Reading for fun may seem like an oxymoron for some, but one study claims that a surprisingly large amount of students actually view reading as an unattainable luxury.
Concerned that leisure reading was becoming a nonexistent activity among youth, librarians Barbara Fister and Julie Gilbert recently conducted a survey at Gustavus Adolphus College in Minnesota.
According to the study, 93 percent of 717 student participants said they enjoy reading for pleasure, but find it difficult to set aside time to do so with their demanding school and work schedules.
“I really liked to read when I was younger and even in high school, but now I’m so busy that I never get the time to read anything but textbooks and required material, which is sometimes OK but is still not for fun,” Cal State Long Beach freshman Amy Johnson said.
Johnson said it was still hard to make time to read during the winter break, between balancing the holidays with family and work schedules.
However, when Johnson does find some free time, she said she tries to find books to read.
“I like to look for classics because I know they’re going to be good, like ‘Heart of Darkness’ or ‘One Flew Over the Cuckoo’s Nest,'” Johnson said. “I really like ‘Lord of the Flies’ — books with slightly demented themes.”
Jessie Rellosa, a sophomore nursing major, said he loves to read everything, whether it be romance, fantasy, fiction or nonfiction novels — or even textbooks — but the author he likes to read the most is Stephen King.

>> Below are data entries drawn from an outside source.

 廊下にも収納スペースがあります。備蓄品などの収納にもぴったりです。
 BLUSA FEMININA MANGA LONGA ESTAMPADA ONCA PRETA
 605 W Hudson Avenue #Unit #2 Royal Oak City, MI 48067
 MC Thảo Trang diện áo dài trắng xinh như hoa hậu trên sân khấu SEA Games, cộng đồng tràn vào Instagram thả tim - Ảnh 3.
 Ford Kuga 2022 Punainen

“Even though I always have so much to study, I try my best to read leisurely on the weekends,” Rellosa said.
Rellosa also volunteers many hours at a hospice near his local city of Bellflower, where he acts as a companion to the patients, often by reading to them.
“Reading is my thing,” he said. “I definitely wish I had more time to set aside for it.”
For students looking for books, one-fourth of the first level of the University Bookstore is dedicated to leisure reading.
According to the study, leisure reading is beneficial to students’ academic success.
In the study, Fister and Gilbert said, “Reading for pleasure has been associated with creativity and with improved academic achievement.”